Judges: Lourie (author), Rader, and Dyk

In Forest Laboratories, Inc. v. Abbott Laboratories, No. 03-1067 (Fed. Cir. Aug. 7, 2003), the Federal Circuit reversed the district court’s award of attorneys’ fees and held that the court erred in its finding that the case was exceptional under 35 U.S.C. § 285.

Abbott Laboratories (“Abbott”) is the exclusive licensee of U.S. Patent Nos. 4,338,301 (“the ‘301 patent”) and 4,397,839 (“the ‘839 patent”) directed to a lung-surfactant composition for treating respiratory-distress syndrome in premature babies. Abbott developed a commercial product called Survanta® in the 1980s. At about the same time, ONY Inc. (“ONY”), Coplaintiff with Forest Laboratories, Inc. (“Forest”), developed its own product for treating neonatal respiratory-distress syndrome, called calf lungsurfactant extract (“CLSE”). During the development of these products, Abbott and ONY maintained close contact regarding a possible joint development of CLSE. In 1984, Abbott informed ONY that CLSE would likely not be patentable, though Abbott did not specifically mention its own ‘301 and ‘839 patents.

In 1991, Survanta® received approval and “orphan drug” status from the FDA, and Abbott then proceeded to market Survanta®. Several years later, Abbott informed ONY and Forest that it had reason to believe that their commercial product, based on CLSE, would infringe the ‘301 and ‘839 patents if it were to be marketed. ONY and Forest sued Abbott, seeking a DJ of noninfringement and invalidity of the ‘301 and ‘839 patents.

Following a jury trial, the district court granted ONY and Forest a JMOL of noninfringement and also ruled that Abbott was equitably estopped from asserting infringement of the ‘301 and ‘839 patents against ONY and Forest because (1) Abbott, by encouraging ONY’s and Forest’s development of CLSE, had misled them to believe that it would not assert infringement; (2) ONY and Forest reasonably relied on Abbott’s misleading conduct; and (3) ONY and Forest would suffer economic and evidentiary prejudice if Abbott were permitted to proceed with its infringement counterclaim.

The district court also found the case to be exceptional under 35 U.S.C. § 285 and awarded attorneys’ fees because Abbott, in bad faith, had encouraged ONY to develop CLSE but then later pursued an infringement counterclaim against ONY and Forest in an attempt to prevent their product from reaching the market. Abbott appealed the award of attorneys’ fees.

The Federal Circuit explained that an exceptional case under 35 U.S.C. § 285 typically involves inequitable conduct before the PTO, litigation misconduct or bad faith, a frivolous suit, or willful infringement. The Court found, however, that none of those circumstances was present in this case.
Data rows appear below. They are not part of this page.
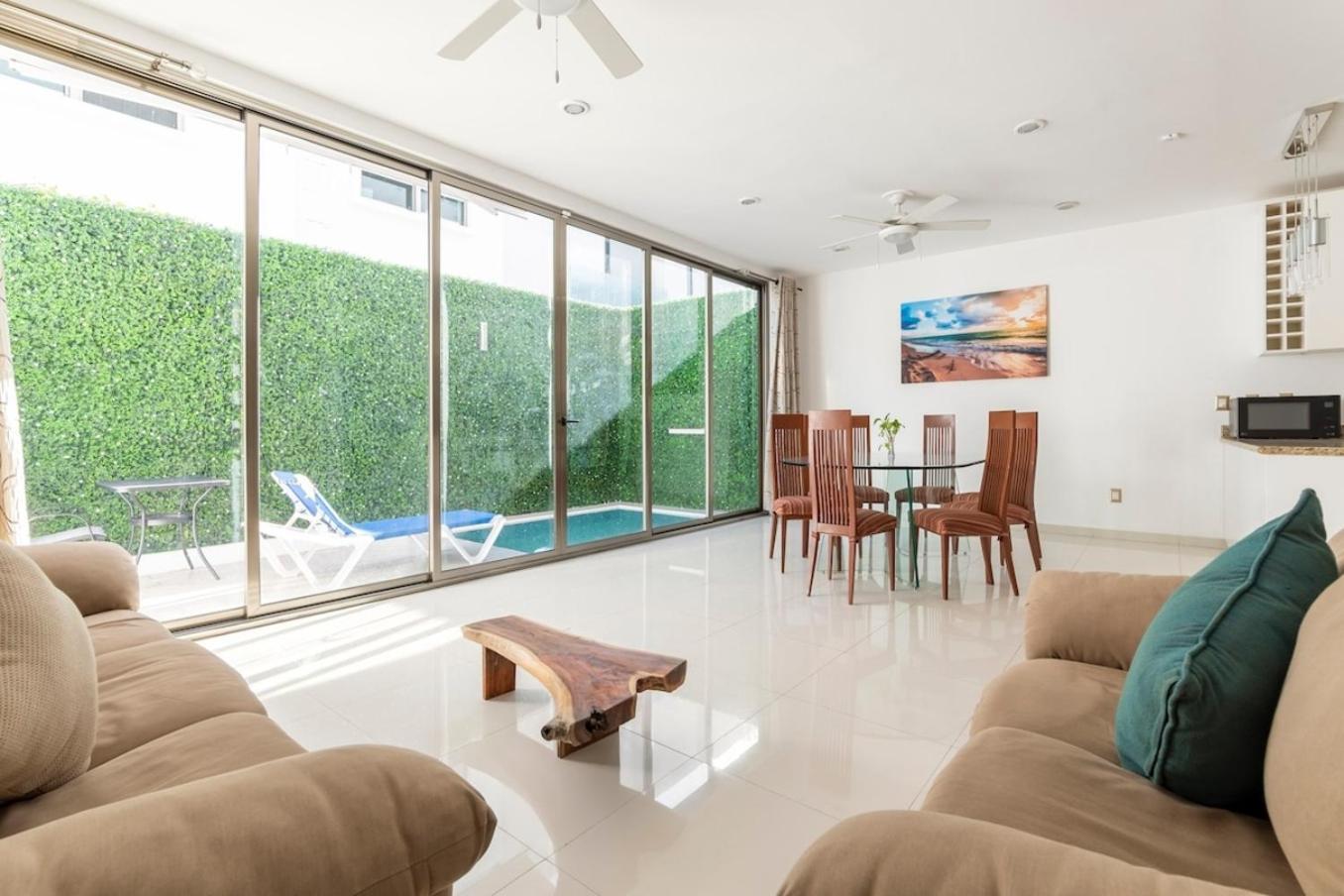 Wow! Gated House Wifi 5rooms 12pax Pool Private Сasa de vacaciones *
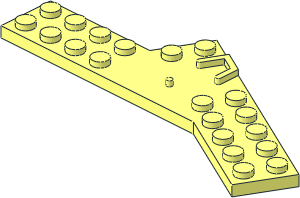 ~Train Track  4.5V Point Type 1 Right - Sleeper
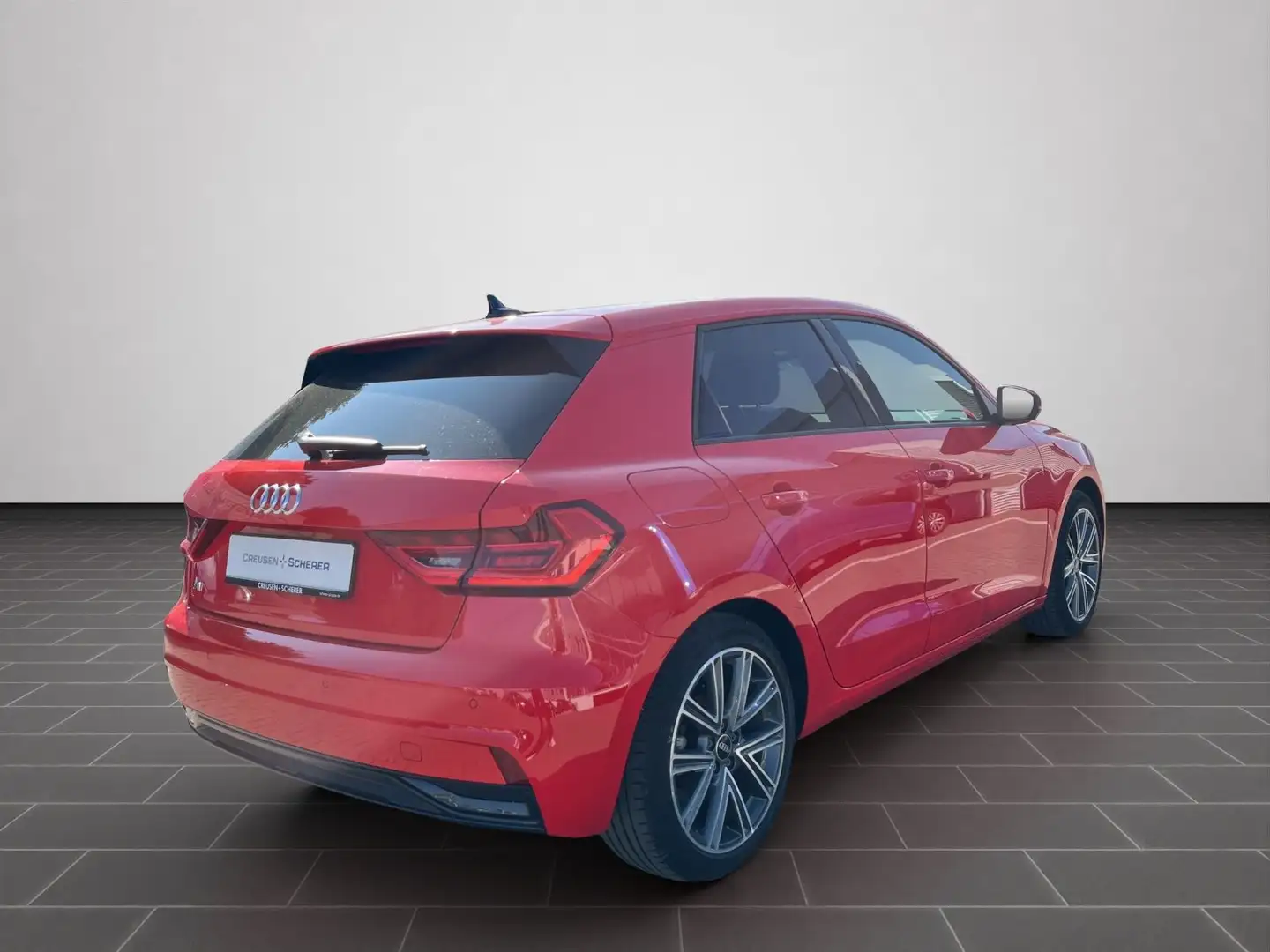 Audi A1 30 TFSI S tronic advanced NAVI SHZ Rot - 2
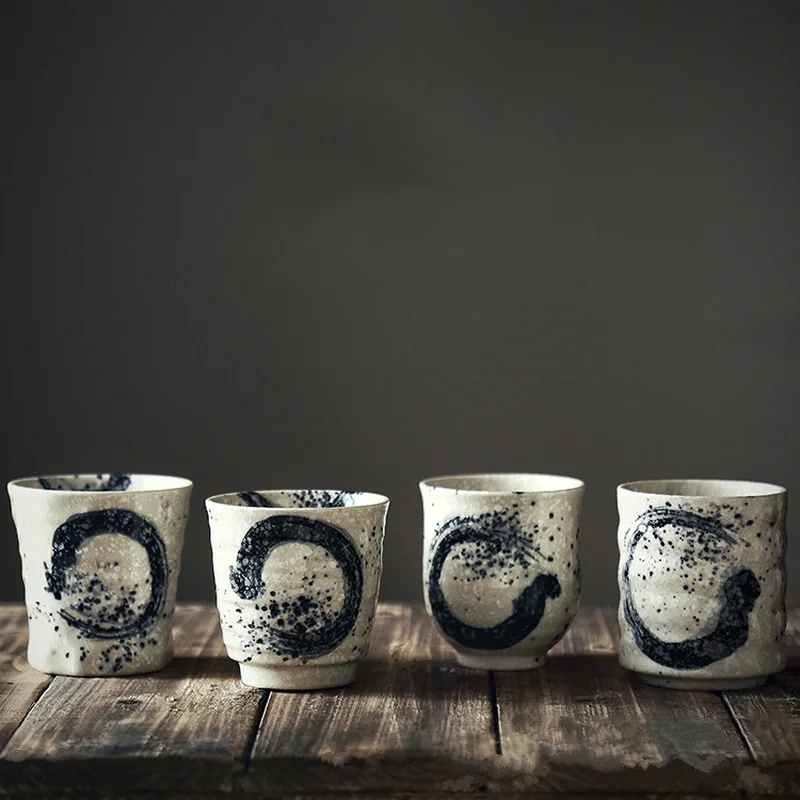 Traditional Chinese Handpainted Ceramic teacup coffee cup coffee mug 170/200ml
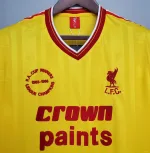Camsieta Retro Liverpool FC Visitante 1985 - Imagen 4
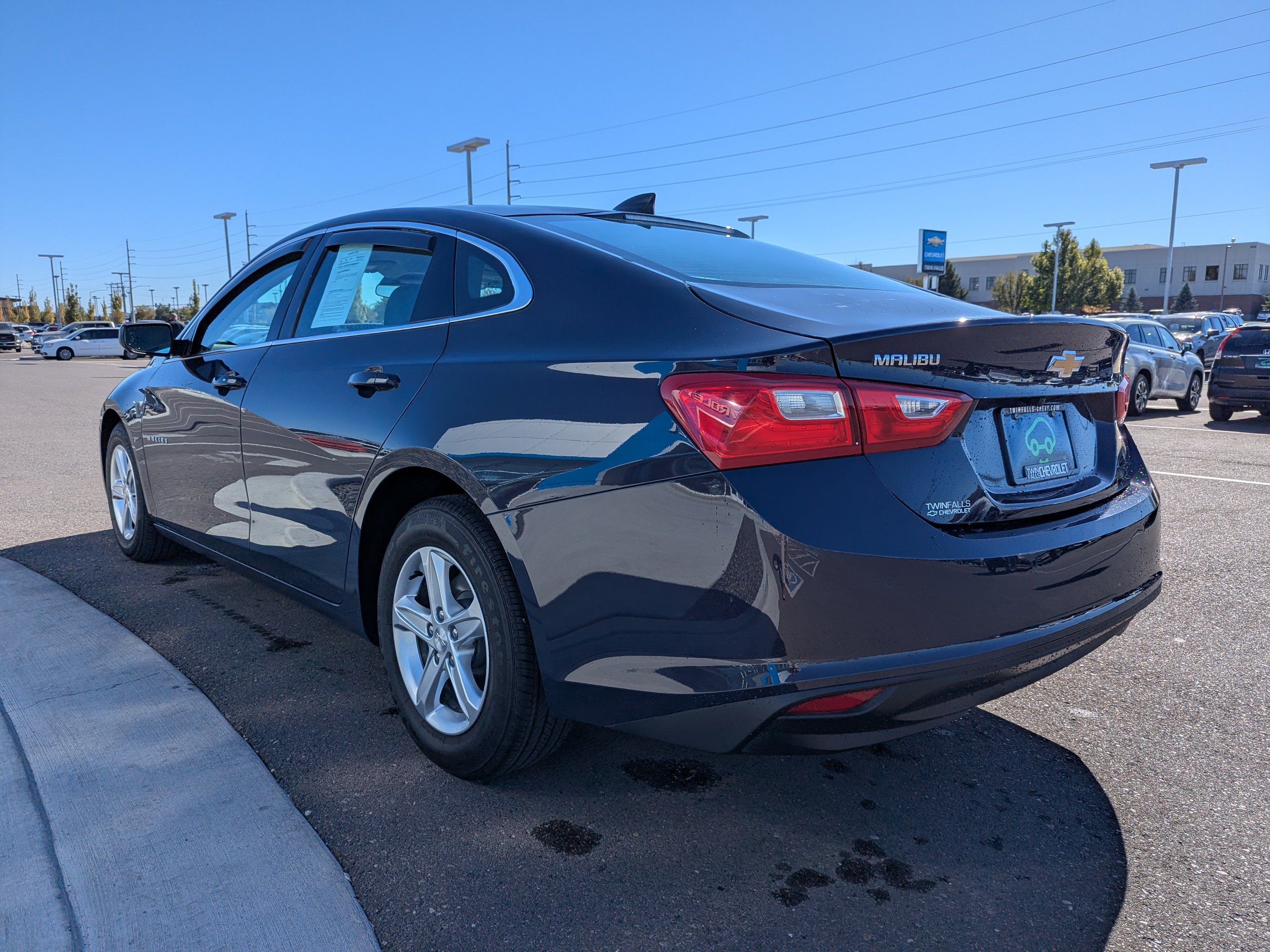 2025 Chevrolet Malibu 1LS - Photo 30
The Court stressed that a finding of exceptionality has never been based on a patentee’s bad-faith business conduct toward an accused infringer prior to litigation, and the Court declined to expand the scope of § 285 in that manner.

The Court recognized that bad-faith litigation can be a basis for a finding of exceptionality. It concluded, however, that Abbott had not engaged in bad-faith litigation. Under § 285, “bad faith” requires not merely misleading prelitigation conduct, but “vexatious, unjustified or frivolous litigation.” The Court concluded that the pertinent inquiry was whether Abbott knew or should have known that it would be estopped from asserting the ‘301 and ‘839 patents against ONY and Forest yet pursued its infringement counterclaim anyway. The Court ruled that the record did not support the district court’s finding that Abbott had knowledge of the events that would ultimately lead to a holding of equitable estoppel.

For all of these reasons, the Court concluded that the district court had erred in its finding that the case was exceptional under 35 U.S.C. § 285 based on Abbott’s prelitigation conduct toward ONY and Forest.